GrnEyedGemini Posted August 29, 2008 Posted August 29, 2008 Perhaps I am pouring salt on wounds but while I do believe that Laurie and her boyfriend do show a lot of commitment to their relationship, I don't feel that they're quite ready for marriage just yet and don't understand fully why she wants it so much right now. My personal opinion. I have also posted on her threads in the past that they do seem to both want to work things out. From past threads, he sounds like he is just barely coming out of his 'bachelor' days. She seems so focused on wanting the commitment that she sometimes forgets to just be happy with him. I wonder why this is. She might be missing out on opportunities to let their love grow because she is so intent on being on the 'right' relationship schedule.

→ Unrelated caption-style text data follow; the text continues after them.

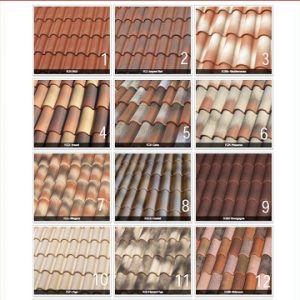 clay tiles materal selection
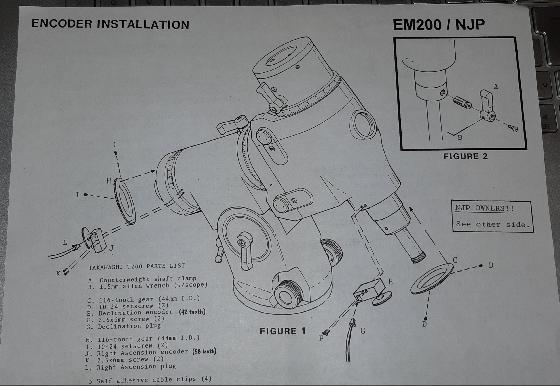 Encodeurs optiques pour Takahashi EM200 ou NJP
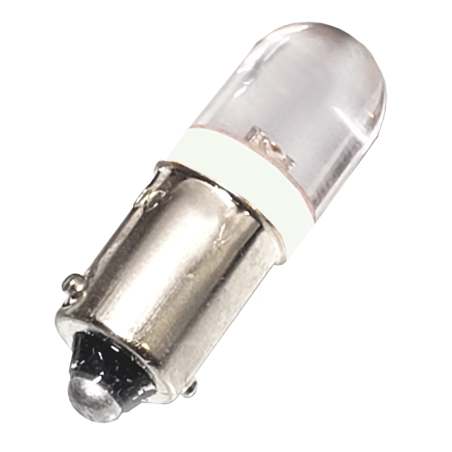 Lampara de Señaliz. T10x28 BA9s  24Vac/cc Led Blanco LAMBA9-24V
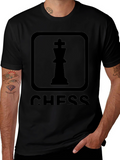 Chess King Graphic T-Shirt - Black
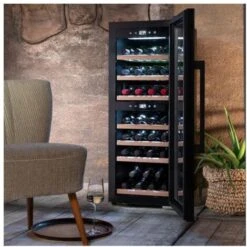 CASO PF017894 Cantinetta Refrigerata Per Vini 38 Bottiglie Classe Energetica G 7 Ripiani In Legno Wi-Fi 106,5 Cm Nero -Negozio Di Elettrodomestici 71487299 4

In her shoes I would apply the elastic theory: stop pressuring him for more and just focus on the moment. He loves her - it's clear he does. He also likely feels pressured and I feel that their relationship needs to 'grow' a bit before a ring makes sense for the both of them. Well I was talking about some of the posters who were clearly just trying to say something rude about marriage and relationships...perhaps because in general they are completely against marriage. IMO...their opinions don't even matter because no matter what, they will always be against someone getting married, not caring who they are. In that case, all they are doing is pouring salt on the wound instead of trying to help.